What the exercise asks
Please set down exactly the lines of the listing below from the line containing "9 ft. Stone" through the line containing "MyGenie Compact Reusable", both lines included, leaving out all other lines.

The data

____________________

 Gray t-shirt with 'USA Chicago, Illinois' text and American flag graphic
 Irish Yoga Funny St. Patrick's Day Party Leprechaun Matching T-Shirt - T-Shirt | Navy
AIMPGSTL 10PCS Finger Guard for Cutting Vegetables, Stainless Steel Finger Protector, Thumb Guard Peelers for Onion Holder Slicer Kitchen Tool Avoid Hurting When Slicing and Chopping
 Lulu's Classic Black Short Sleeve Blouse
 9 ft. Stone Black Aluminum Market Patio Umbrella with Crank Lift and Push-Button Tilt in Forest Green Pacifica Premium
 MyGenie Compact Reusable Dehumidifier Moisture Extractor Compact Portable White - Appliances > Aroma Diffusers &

____________________

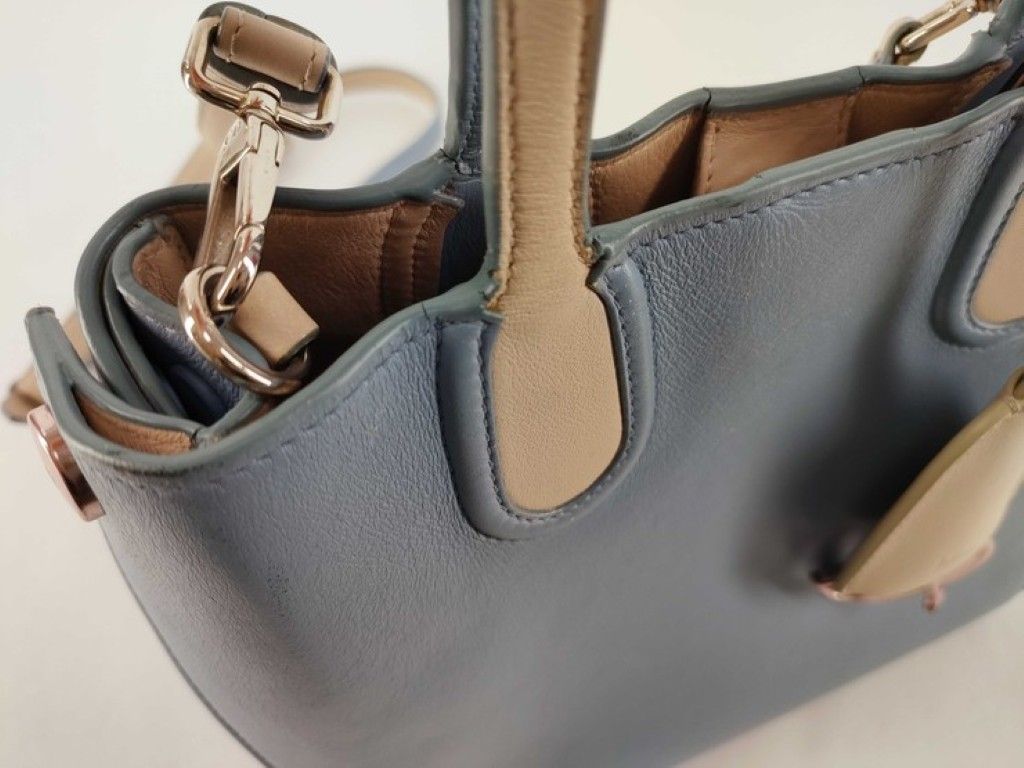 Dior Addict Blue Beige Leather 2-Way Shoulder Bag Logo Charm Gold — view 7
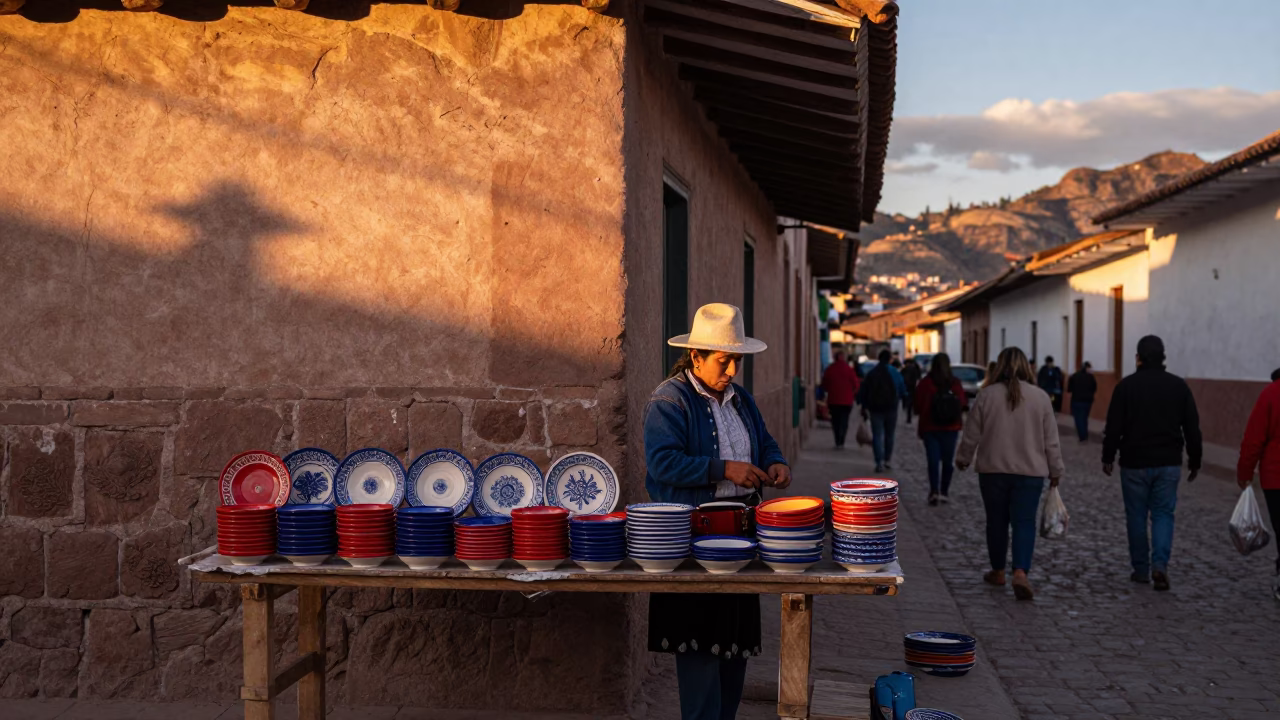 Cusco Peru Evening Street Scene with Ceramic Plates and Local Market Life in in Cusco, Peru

____________________

Written response
 9 ft. Stone Black Aluminum Market Patio Umbrella with Crank Lift and Push-Button Tilt in Forest Green Pacifica Premium
 MyGenie Compact Reusable Dehumidifier Moisture Extractor Compact Portable White - Appliances > Aroma Diffusers &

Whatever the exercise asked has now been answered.